In the records below, find the line containing "PETSIN 1 Piece" and transcribe it and every line after it exactly; leave the pictures out.

[GIVEN DATA — start]

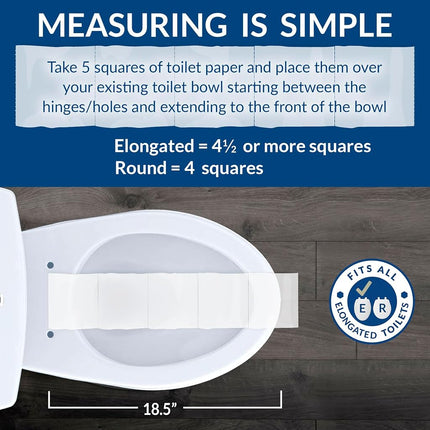 Bemis 1500EC 390 Toilet Seat with Easy Clean & Change Hinges, Elongated, Durable Enameled Wood, Cotton White )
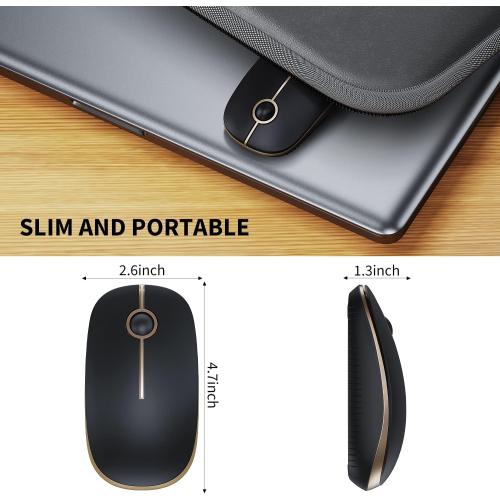 VssoPlor Wireless Mouse, 2.4G Slim Computer Laptop Mouse, Black and Gold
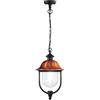 Intec SOSPENSIONE VENEZIA NERA E RAME 1 LUCE ATTACCO E27 IP44 25X110CM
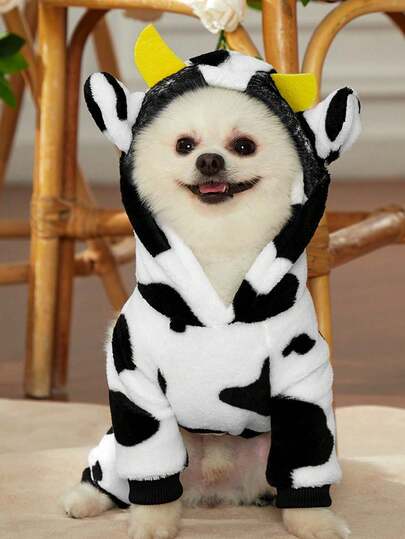 PETSIN 1 Piece Cute Little Cow Cosplay Black And White Leopard Print Pet Hooded Sweatshirt For Autumn And Winter, Thick Warm Flannel Pet Clothes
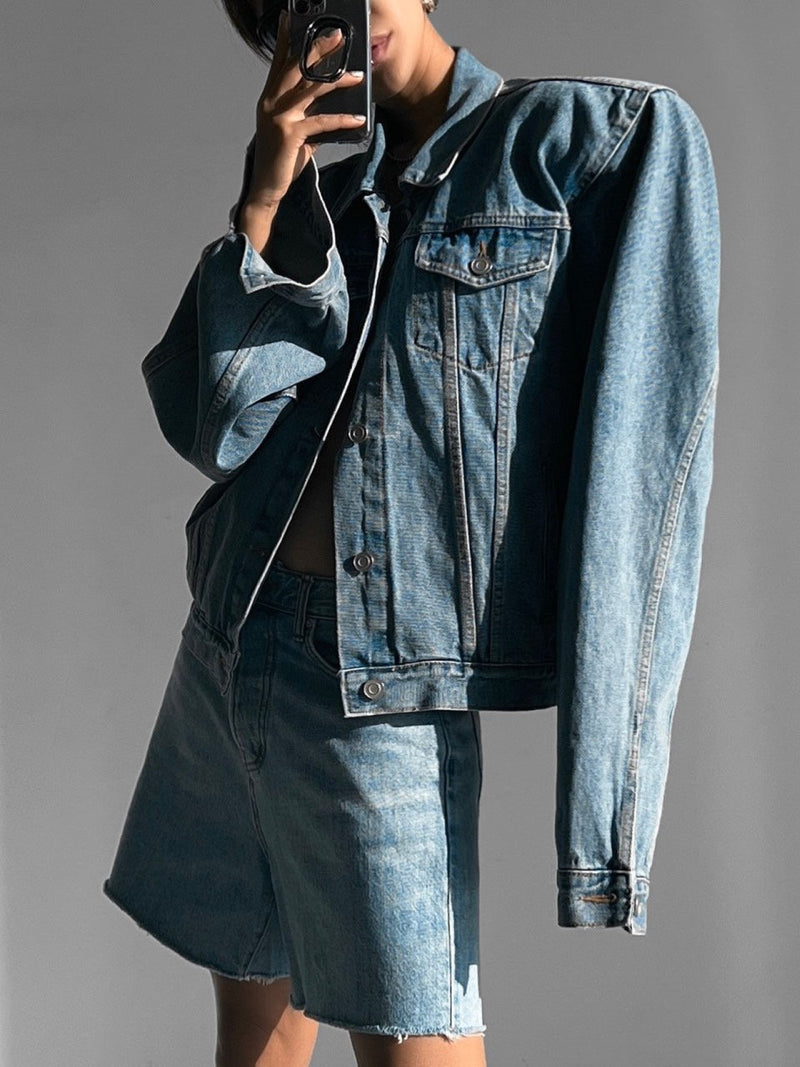 OVERSIZED PADDED SHOULDER DENIM JACKET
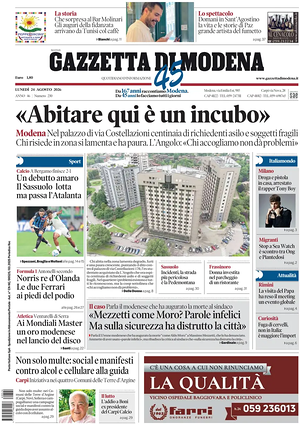 Prima pagina Gazzetta di Modena di oggi - Quotidiano regionale
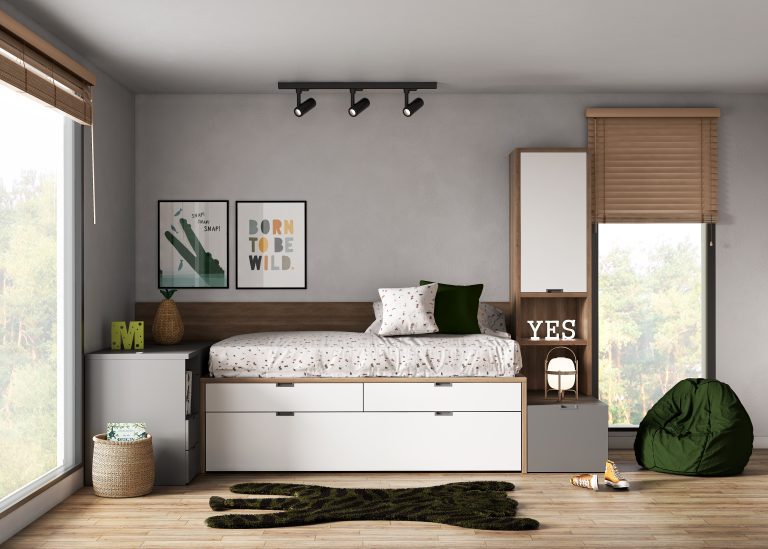 CHILDREN'S ROOM WITH TRUNDLE BED AND PULL-OUT DESK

[GIVEN DATA — finish]

## TASK OUTPUT
 PETSIN 1 Piece Cute Little Cow Cosplay Black And White Leopard Print Pet Hooded Sweatshirt For Autumn And Winter, Thick Warm Flannel Pet Clothes
 OVERSIZED PADDED SHOULDER DENIM JACKET
 Prima pagina Gazzetta di Modena di oggi - Quotidiano regionale
 CHILDREN'S ROOM WITH TRUNDLE BED AND PULL-OUT DESK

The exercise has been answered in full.